**PROBLEM STATEMENT:** The lines from the start of the data up to and including the one with "Which of these" should be returned exactly, and nothing else.

[RECORDS FOR THIS TASK Boundary: Start]

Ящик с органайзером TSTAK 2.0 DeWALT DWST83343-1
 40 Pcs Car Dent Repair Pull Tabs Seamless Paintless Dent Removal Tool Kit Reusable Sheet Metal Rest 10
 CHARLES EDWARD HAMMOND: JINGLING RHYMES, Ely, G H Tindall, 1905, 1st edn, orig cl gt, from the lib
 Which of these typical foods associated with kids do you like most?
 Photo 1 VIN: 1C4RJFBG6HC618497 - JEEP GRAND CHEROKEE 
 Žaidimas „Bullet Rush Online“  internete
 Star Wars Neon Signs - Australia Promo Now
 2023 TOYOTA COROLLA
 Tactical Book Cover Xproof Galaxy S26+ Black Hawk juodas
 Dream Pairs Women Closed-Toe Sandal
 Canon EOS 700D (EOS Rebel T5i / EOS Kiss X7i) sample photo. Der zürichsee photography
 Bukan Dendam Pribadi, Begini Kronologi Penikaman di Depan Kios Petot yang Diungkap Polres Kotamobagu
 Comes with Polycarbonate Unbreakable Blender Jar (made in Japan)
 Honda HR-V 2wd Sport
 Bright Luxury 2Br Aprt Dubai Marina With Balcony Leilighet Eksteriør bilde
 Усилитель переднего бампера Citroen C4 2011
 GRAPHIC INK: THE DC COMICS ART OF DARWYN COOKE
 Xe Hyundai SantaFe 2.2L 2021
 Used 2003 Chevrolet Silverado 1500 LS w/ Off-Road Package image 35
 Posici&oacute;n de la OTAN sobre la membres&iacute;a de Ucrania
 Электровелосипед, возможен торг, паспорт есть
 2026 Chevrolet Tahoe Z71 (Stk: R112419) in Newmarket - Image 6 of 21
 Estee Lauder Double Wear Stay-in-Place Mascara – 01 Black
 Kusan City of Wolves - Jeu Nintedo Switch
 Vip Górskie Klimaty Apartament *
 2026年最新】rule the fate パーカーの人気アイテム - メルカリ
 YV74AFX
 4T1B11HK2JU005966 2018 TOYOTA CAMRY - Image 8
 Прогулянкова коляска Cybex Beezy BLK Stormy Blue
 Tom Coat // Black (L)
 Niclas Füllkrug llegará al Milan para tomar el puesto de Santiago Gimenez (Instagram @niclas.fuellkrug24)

[RECORDS FOR THIS TASK Boundary: End]

**RESULT OF THIS TASK:**
Ящик с органайзером TSTAK 2.0 DeWALT DWST83343-1
 40 Pcs Car Dent Repair Pull Tabs Seamless Paintless Dent Removal Tool Kit Reusable Sheet Metal Rest 10
 CHARLES EDWARD HAMMOND: JINGLING RHYMES, Ely, G H Tindall, 1905, 1st edn, orig cl gt, from the lib
 Which of these typical foods associated with kids do you like most?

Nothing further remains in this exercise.